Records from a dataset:
*** Block opens ***

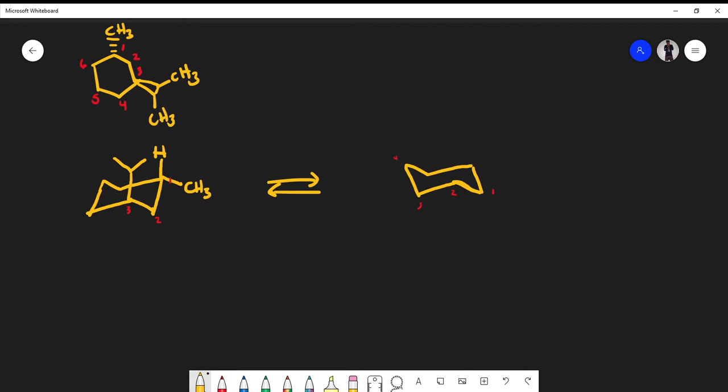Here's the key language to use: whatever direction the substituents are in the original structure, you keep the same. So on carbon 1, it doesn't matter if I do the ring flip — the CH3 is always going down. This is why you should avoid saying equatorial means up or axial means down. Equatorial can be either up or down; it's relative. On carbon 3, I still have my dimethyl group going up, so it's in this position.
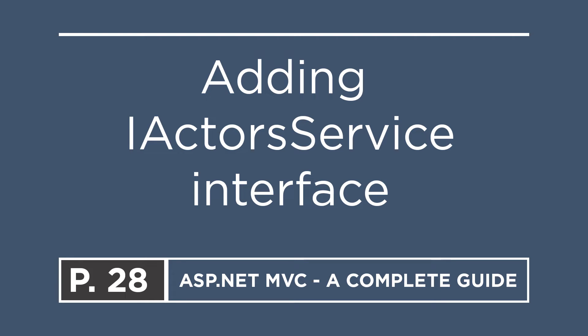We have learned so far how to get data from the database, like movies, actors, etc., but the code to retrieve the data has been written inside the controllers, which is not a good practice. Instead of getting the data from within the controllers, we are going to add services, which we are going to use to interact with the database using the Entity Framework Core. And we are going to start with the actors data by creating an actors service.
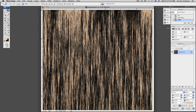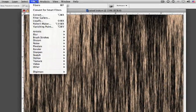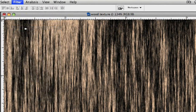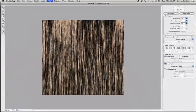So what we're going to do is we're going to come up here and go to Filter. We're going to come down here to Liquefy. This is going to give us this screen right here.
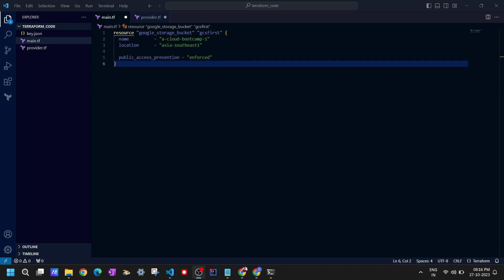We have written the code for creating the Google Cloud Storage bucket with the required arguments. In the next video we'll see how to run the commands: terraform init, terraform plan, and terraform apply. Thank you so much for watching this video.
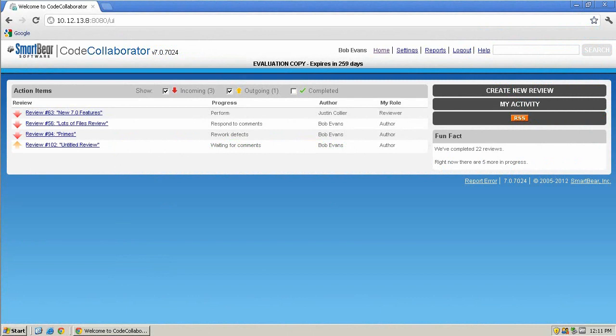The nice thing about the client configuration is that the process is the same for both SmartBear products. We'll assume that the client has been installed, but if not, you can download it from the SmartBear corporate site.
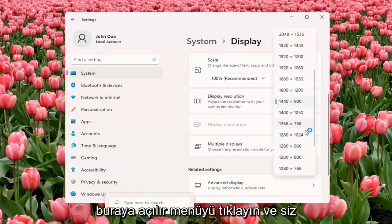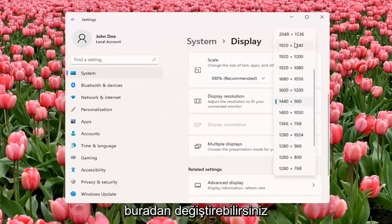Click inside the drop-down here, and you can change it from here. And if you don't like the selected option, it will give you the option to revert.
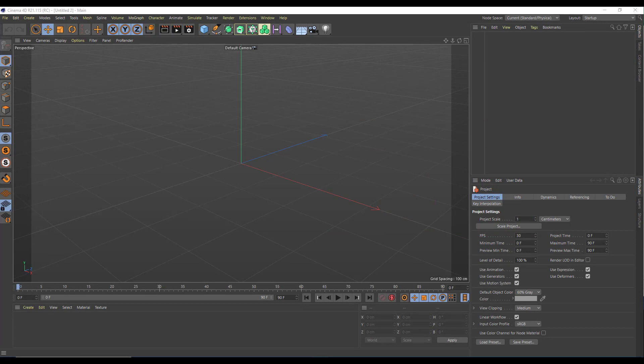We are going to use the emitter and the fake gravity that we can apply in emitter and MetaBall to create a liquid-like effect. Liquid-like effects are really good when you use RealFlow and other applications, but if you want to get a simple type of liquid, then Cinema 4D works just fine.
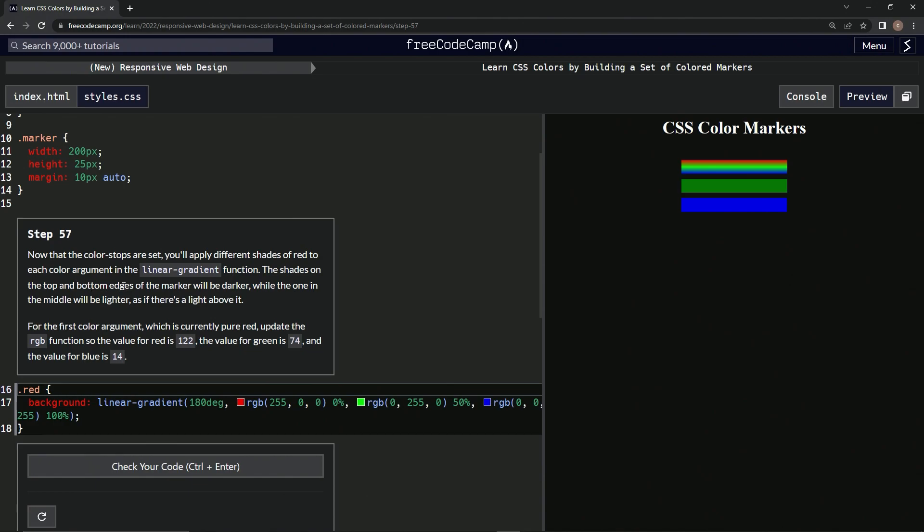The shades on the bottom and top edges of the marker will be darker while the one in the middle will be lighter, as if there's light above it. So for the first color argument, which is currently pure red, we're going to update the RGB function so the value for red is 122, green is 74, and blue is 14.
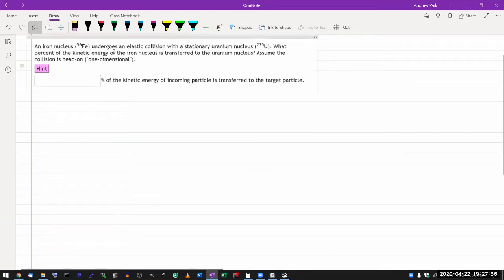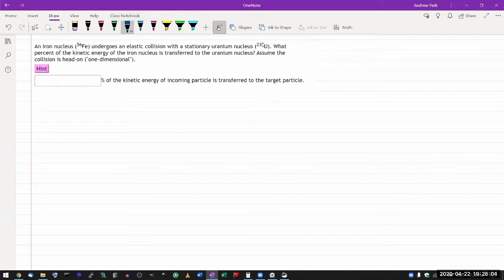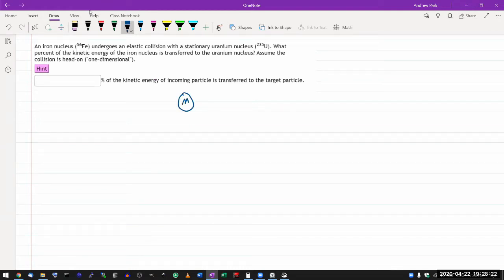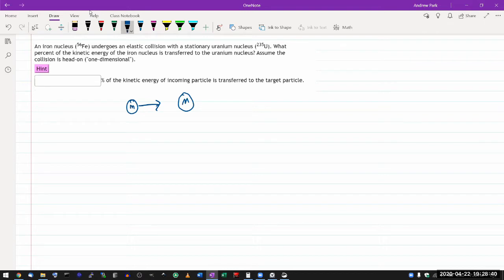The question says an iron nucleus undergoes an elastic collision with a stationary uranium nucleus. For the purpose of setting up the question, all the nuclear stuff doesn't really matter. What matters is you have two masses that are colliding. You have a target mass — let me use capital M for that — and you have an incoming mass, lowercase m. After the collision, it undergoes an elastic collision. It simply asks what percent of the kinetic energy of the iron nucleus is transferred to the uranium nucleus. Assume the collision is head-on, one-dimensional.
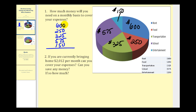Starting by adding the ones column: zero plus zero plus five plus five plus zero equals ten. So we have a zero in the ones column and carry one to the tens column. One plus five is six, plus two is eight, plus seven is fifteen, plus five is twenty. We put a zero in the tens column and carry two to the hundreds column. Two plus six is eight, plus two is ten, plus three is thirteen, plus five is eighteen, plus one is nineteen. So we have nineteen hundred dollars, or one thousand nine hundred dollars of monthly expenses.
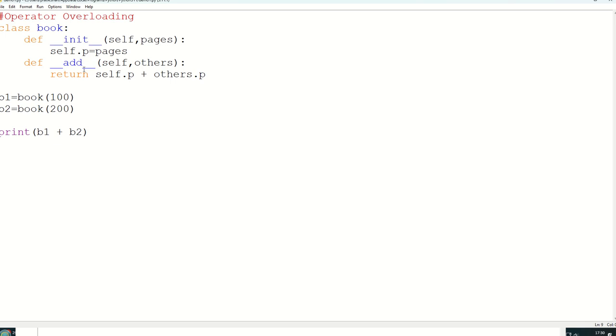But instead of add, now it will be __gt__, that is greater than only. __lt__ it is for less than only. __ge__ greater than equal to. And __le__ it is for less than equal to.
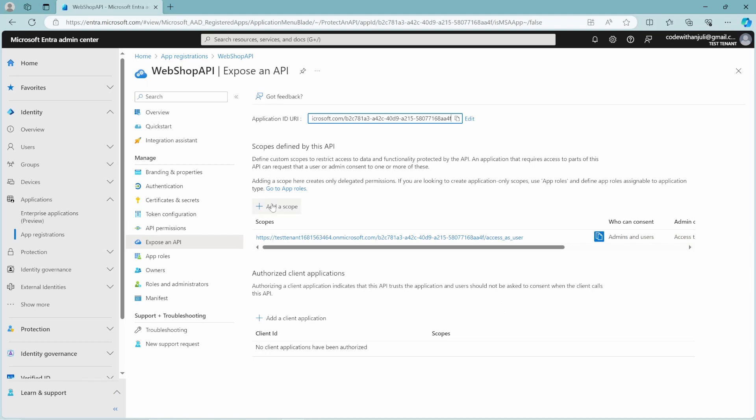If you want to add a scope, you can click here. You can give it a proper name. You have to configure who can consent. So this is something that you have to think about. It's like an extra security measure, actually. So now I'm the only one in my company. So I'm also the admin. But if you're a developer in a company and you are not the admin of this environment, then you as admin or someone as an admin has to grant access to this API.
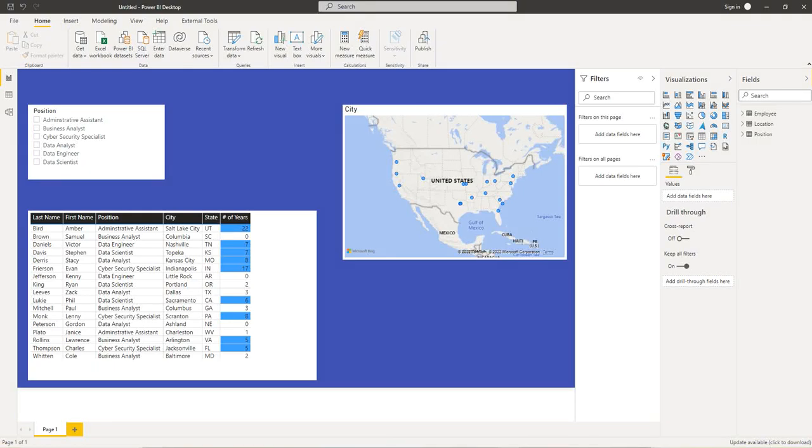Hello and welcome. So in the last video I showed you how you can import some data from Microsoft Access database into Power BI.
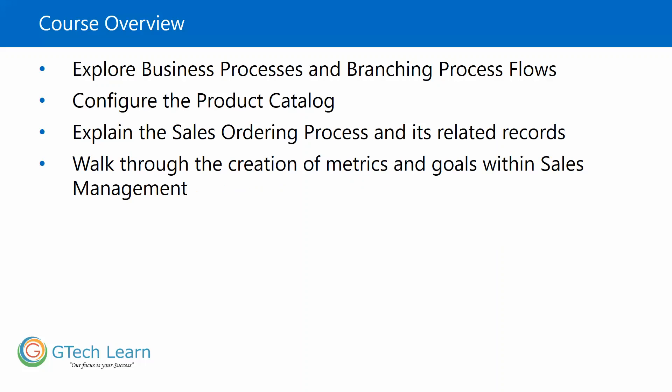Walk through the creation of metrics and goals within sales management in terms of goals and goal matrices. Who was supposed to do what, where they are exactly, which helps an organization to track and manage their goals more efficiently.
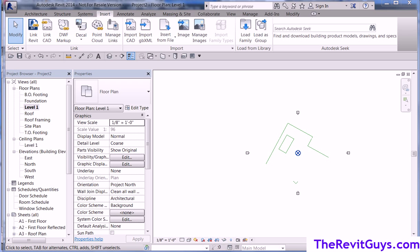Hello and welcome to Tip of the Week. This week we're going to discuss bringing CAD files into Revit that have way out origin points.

*** Block closes ***

The answer consists of the lines from the one holding "Walk through the" to the end of the records, inclusive, restated exactly and without pictures.

Walk through the creation of metrics and goals within sales management in terms of goals and goal matrices. Who was supposed to do what, where they are exactly, which helps an organization to track and manage their goals more efficiently.
Hello and welcome to Tip of the Week. This week we're going to discuss bringing CAD files into Revit that have way out origin points.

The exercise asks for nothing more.